Congrats on a great bird !
Flight


----------



## Macs13 (Apr 24, 2019)

Hell yeah! 

Sent from my SM-G988U using Michigan Sportsman mobile app


----------



## Liver and Onions (Nov 24, 2000)

Nice. Can you share what county ? I have read that wild turkeys had been wipped out in all of Michigan by about 1890 so if going back to then it would be 125+ years. Not a lot of public land in 1890.

L & O


----------



## Sharkbait11 (Apr 7, 2017)

Awesome bird congrats!


----------



## Jerry Lamb (Aug 3, 2015)

Liver and Onions said:


> Nice. Can you share what county ? I have read that wild turkeys had been wipped out in all of Michigan by about 1890 so if going back to then it would be 125+ years. Not a lot of public land in 1890.
> 
> L & O


St. Clair. Based on my description of where it happened you can probably figure it out...


----------



## retired dundo (Jul 21, 2015)

Congrats nice turkey and pics.I live in southern end of st clair started seeing turkeys until around 2000 by me didn’t start hunting them until 2005 everyone around me agreed to let the flocks build up.Now there’s almost to many so the farmers say


----------



## Jerry Lamb (Aug 3, 2015)

retired dundo said:


> Congrats nice turkey and pics.I live in southern end of st clair started seeing turkeys until around 2000 by me didn’t start hunting them until 2005 everyone around me agreed to let the flocks build up.Now there’s almost to many so the farmers say


I hadn't shot a bird since 2013. Used to think you could only get them up north. And as I got better at Walleye fishing, that was always the priority. I just figured what the heck, won't know unless I go. Started to really miss it. I also got a new girlfriend two years ago...long distance, so Saturdays and Sundays away from each other are tough. Part of the reason I passed on last weekend. The other was I had #6 Turkey loads in lead, and the Friday night before I read the boundry signage and it said steel shot only. No go. I would have gotten a ticket if checked. So I scouted Sat. AM. Thank god I had paid 29.00 for 10 Hevishot #4 .10ga. duck loads. I thought sure Ill waste the money. Maybe I'll need them, was 15 years ago.

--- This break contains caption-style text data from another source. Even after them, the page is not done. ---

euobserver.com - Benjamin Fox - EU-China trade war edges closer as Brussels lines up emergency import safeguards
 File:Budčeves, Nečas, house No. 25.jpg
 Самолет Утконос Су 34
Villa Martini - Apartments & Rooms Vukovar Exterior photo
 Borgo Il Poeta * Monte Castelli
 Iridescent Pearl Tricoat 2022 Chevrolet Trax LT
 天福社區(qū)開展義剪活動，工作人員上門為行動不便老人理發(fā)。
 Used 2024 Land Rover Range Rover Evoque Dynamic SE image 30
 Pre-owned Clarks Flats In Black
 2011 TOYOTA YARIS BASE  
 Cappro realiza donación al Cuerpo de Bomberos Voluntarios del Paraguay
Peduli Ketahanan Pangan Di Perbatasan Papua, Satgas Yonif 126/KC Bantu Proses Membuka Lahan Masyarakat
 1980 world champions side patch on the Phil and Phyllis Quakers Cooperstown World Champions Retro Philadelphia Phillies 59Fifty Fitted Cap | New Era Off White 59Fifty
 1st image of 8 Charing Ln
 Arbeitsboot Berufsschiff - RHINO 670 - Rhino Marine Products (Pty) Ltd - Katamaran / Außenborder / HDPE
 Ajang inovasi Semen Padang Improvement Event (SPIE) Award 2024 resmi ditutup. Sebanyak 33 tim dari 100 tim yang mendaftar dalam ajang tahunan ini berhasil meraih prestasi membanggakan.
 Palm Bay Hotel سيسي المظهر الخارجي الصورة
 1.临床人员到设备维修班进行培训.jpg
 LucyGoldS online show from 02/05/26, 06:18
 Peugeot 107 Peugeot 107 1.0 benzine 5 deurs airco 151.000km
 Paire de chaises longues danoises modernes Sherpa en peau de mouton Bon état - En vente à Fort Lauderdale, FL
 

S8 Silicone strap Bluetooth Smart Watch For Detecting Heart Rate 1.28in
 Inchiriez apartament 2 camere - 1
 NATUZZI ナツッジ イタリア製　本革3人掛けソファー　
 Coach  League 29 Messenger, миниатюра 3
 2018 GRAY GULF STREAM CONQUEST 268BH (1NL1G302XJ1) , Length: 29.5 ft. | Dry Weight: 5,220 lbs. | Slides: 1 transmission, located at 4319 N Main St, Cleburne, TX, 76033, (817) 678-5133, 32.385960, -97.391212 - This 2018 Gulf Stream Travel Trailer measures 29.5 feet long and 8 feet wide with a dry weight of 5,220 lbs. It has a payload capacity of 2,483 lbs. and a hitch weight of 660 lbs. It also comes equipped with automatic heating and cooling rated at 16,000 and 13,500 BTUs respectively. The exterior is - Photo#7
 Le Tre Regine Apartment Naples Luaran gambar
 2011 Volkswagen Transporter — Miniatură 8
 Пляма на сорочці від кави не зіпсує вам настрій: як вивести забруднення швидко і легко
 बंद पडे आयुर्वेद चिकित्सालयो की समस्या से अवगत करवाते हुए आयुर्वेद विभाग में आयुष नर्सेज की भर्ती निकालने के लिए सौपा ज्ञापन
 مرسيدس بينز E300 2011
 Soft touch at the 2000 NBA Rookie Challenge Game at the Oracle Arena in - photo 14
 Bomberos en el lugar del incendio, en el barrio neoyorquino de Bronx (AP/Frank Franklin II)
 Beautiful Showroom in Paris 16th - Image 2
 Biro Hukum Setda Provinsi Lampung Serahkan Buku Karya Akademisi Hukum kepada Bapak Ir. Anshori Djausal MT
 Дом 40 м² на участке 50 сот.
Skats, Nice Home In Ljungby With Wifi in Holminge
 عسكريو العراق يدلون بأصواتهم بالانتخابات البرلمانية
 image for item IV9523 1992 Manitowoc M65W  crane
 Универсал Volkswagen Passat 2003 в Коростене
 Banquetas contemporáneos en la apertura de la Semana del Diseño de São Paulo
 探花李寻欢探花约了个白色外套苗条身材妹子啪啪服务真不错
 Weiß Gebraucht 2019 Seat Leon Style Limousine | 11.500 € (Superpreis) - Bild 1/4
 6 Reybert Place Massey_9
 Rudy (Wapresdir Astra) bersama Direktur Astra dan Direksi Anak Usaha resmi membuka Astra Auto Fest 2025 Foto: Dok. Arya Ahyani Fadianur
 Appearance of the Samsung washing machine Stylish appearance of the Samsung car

I call this a miracle bird because the area I hunted I saw......1 hen the last 3 weekends I was there driving around scouting. Only 1. No sign, no tracks, no feathers, no nothing, and I set up on the edge of an old flooded rye field with 3" of water in it. I put my decoys on an island on that thing. But, I figured it was a beautiful day, I could check things out for the last day's morning hunt. I about crapped when I heard a gobble. And luck would have it he was down wind of me. And, I worked with someone that made custom fancy slate calls. I was being nice and commissioned one. It was what brought me that bird.


----------



## Liver and Onions (Nov 24, 2000)

Jerry Lamb said:


> St. Clair. Based on my description of where it happened you can probably figure it out...


Not me, having never hunted or lived in St. Clair Co. I don't have any idea and not about to try and solve the puzzle by looking at maps.
I was just surprised about the possibility of that bird being the 1st in a very long time in that area. I'm guessing that St. Clair Co. had a season starting in the early-mid 90's and had a good number of birds by 2000. By a wide margin, St. Clair has more trophy toms in the CBM book than any other county.

L & O


----------



## Liver and Onions (Nov 24, 2000)

Jerry Lamb said:


> .........................................And luck would have it he was down wind of me. ............


If you're worried about a turkey scenting you, don't be. Their sense of smell is probably no better than ours.

L & O


----------



## Jerry Lamb (Aug 3, 2015)

Liver and Onions said:


> If you're worried about a turkey scenting you, don't be. Their sense of smell is probably no better than ours.
> 
> L & O


HaHa! If they had the sense of smell that deer do, they would be unhuntable. So one who would know has told me.
I know that. I wanted my sound to cary as far as possible to hopefully catch the attention of whatever was around.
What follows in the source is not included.